In 2019 we opened Grand Canyon Eco Retreat, a glamping, yoga retreat, and guiding business near the Grand Canyon in Arizona. We hosted sold-out retreats at Grand Canyon Eco Retreat for five years, while also hosting trauma-informed retreats in different destinations with Bigger Life Adventures!
Bigger Life Adventures is the result of all of our skills coming together – hospitality, world travel, yoga and Ayurveda, plant-based cooking, and outdoor adventure guiding.
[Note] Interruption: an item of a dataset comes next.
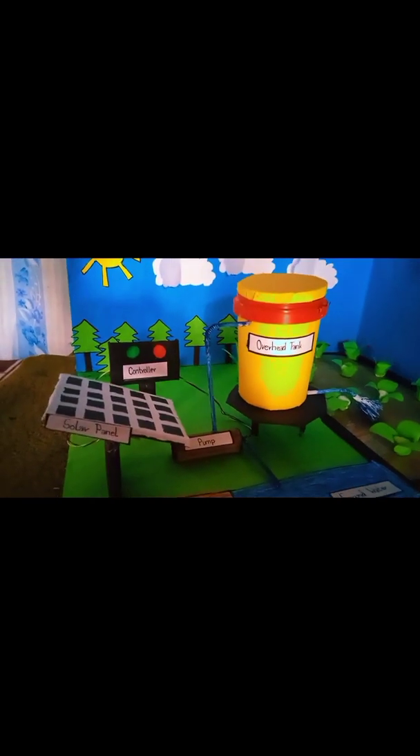As you can see, I have made a model of a solar irrigation system. Here, as you can see, we have a solar panel connected to the controller, and from the controller it is transforming the energy to the pump. The pump here has two functions.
We hope to continue in lives of service, hosting retreats and sharing what we have learned in our years of travel and recovery from addiction, trauma, and stress.
Fast forward to 2025, and we have hosted nearly 100 yoga and adventure trips around the world with hundreds of people. We’ve traveled to 44 different countries on our own and hosted our yoga and adventure retreats in six countries and four US states for all different types of people – people in recovery from addiction, people who are sober-curious, or people who are just seeking a deeper, healthier travel experience and a bigger, more exciting life! We’ve awarded half-price scholarships for many retreats to people with financial need. All our retreats are open to all, alcohol-free and trauma-informed. We are all recovering from something! 60% of our clients come back again to at least one more retreat, proof positive that the community we have created is wonderful and powerful!
Carrie spends time training yoga teachers in trauma-informed teaching techniques, offering classes in treatment facilities and schools, and running the yoga program at Flagstaff’s Juvenile Detention Center. She has also become an Ayurvedic Health Counselor and enjoys teaching workshops and doing private consultations to share this holistic wellness approach, the sister science of yoga, with people who need it.
Zach has become a Reiki master and just published his first cookbook, Plants on Plates.